◆ Data for this task:
+ + +

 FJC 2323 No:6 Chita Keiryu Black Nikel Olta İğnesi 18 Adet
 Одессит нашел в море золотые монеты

+ + +

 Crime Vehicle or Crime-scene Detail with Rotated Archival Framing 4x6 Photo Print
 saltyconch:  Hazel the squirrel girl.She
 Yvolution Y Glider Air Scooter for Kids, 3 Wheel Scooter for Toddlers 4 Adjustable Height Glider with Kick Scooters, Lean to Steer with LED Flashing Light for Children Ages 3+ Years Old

+ + +

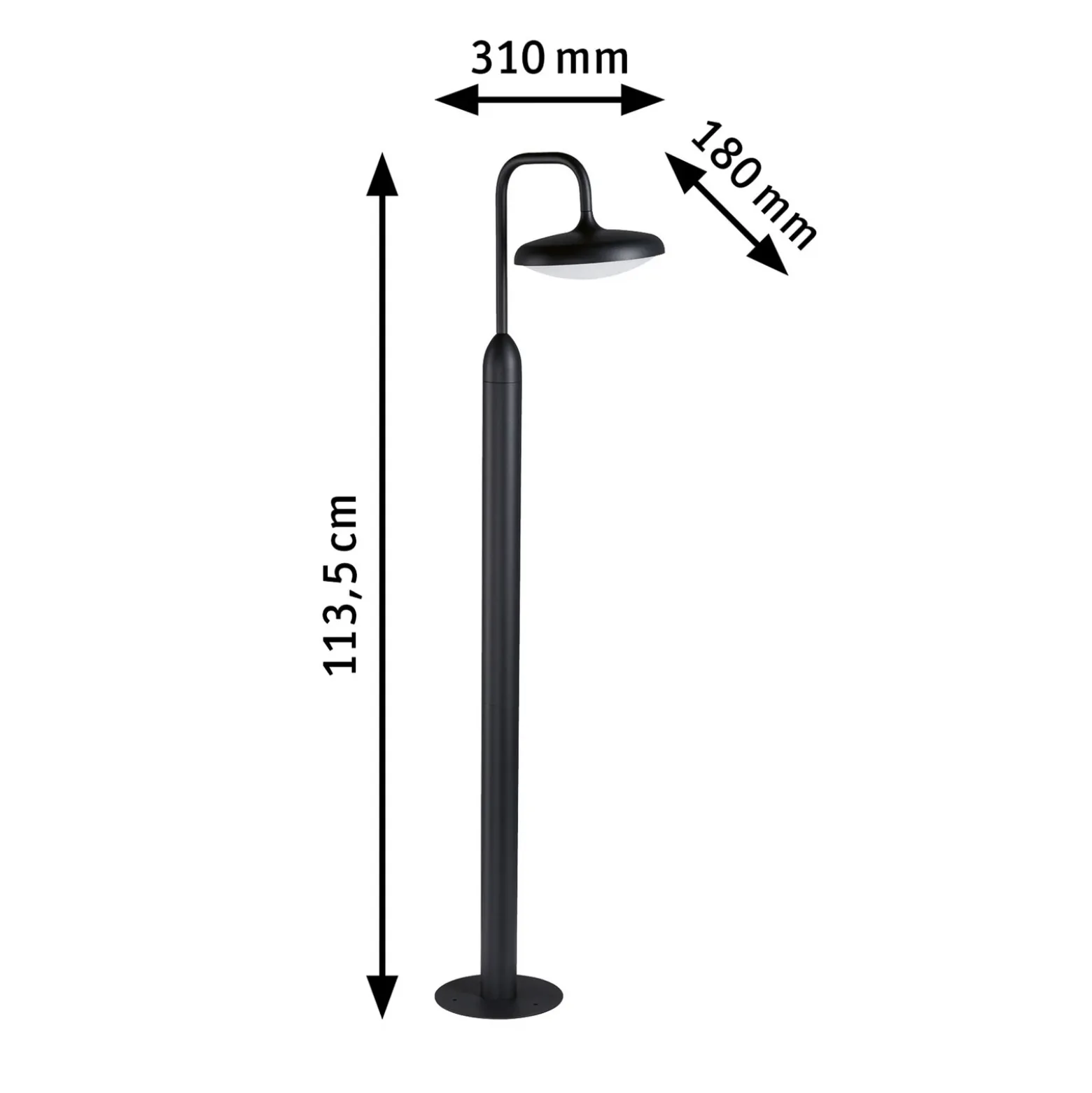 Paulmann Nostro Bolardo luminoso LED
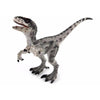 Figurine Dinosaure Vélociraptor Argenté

+ + +

◆ Work instruction: In the listing above, find the line holding "FJC 2323 No:6" and the line holding "Одессит нашел в море золотые монеты", then output those two lines and every line between them exactly.

◆ Task answer:
 FJC 2323 No:6 Chita Keiryu Black Nikel Olta İğnesi 18 Adet
 Одессит нашел в море золотые монеты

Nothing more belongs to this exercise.